The second argument the Obama brief makes in the Prop 8 case is neither conservative nor liberal. It assumes that if you oppose marriage equality in a democracy, you have to do so for a substantive reason, because the minority involved has been the object of such discrimination in the past. For the first time, the American government acknowledged that centuries of criminalization, stigma, cruelty and forced invisibility, and declared that “the undisputed twentieth-century discrimination has lasted long enough.”Hence the embrace of the judicial notion of “heightened scrutiny” when assessing laws that single out this minority for further discrimination by their own government.

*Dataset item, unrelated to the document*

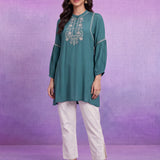 Green Rayon Embroidered Mandarin Collar Top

If the reason is that the rights and responsibilities of marriage are inherently heterosexual, because of procreation, you have a very weak case, given what civil marriage now is for straights, and after the ubiquity of contraception, but you have a case. But if you have conceded the substance of the argument and granted gay couples all the rights and responsibilities of civil marriage – but denied them the symbolism of the the name – you are creating a separate but equal form of legal segregation that does nothing and can do nothing but express animus toward a minority or the need to segregate them from a common, binding institution. That simple segregation – without an argument – violates core civil equality. And there are eight states – California, Delaware, Hawaii, Illinois, Nevada, New Jersey, Oregon, and Rhode Island – that have laws that can only be understood as expressing the civil inferiority of gay couples. That must, in my view, end. And it can end without a resort to a sweeping federal decision across all 50 states.

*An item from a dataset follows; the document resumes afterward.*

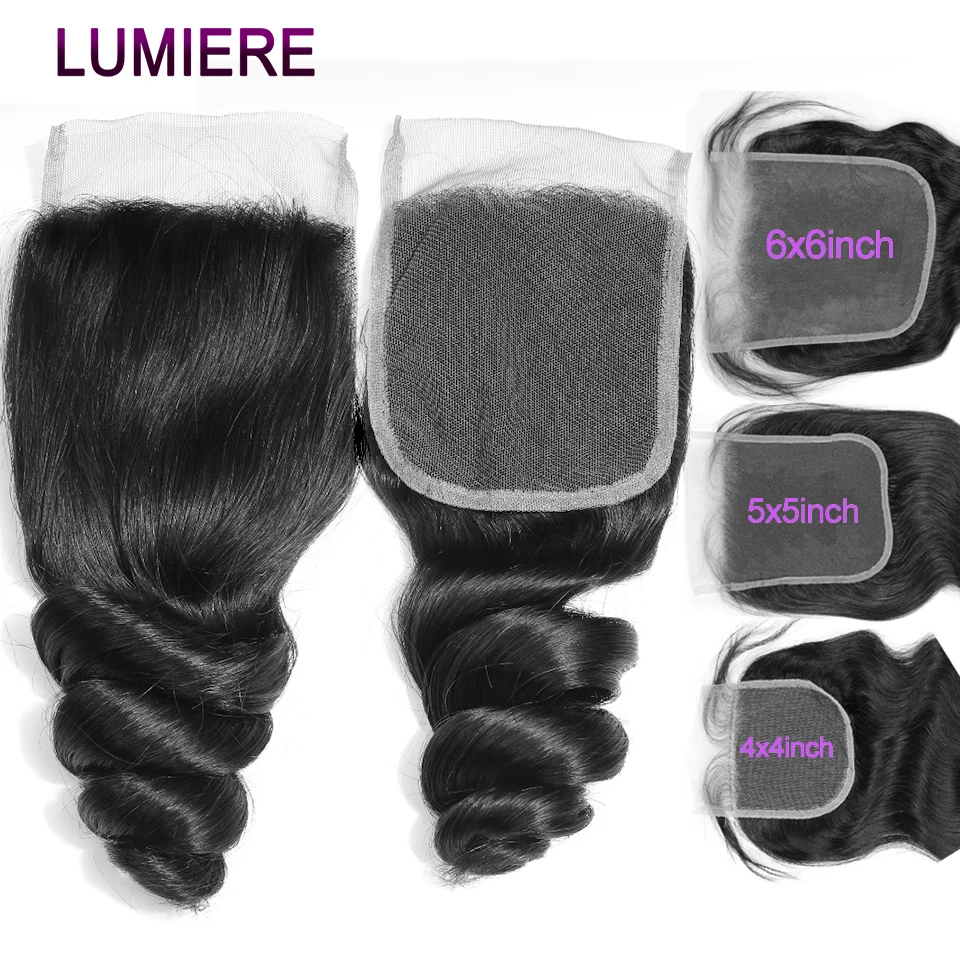 6X6 HD Transparent Lace Closure Brazilian Loose Wave 13X4 Ear To Ear Invisible Swiss Lace Lace Frontal PrePlucked With Baby Hair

What must also end is the federal government’s unconstitutional decision to distinguish between the marriage licenses in any given state where it is the law on the basis of gender. My marriage license in Massachusetts, New York and DC is indistinguishable in every respect from my heterosexual peers. The federal government has no business getting involved and creating a distinction. In fact, it has no way of actually telling from the licenses themselves which are gay and which are straight. It must infer that merely from our first names. When the feds are poring over a state’s marriage license to analyze the first names of the couple, it is way over the line. On almost any other issue, federalist conservatives would agree with that.
Which is why Obama is both advancing a liberal goal of equality with a small-c conservative concern for gradual change based on moral, empirical and spiritual evolution. He leads, like every Tory should, from behind the people he represents.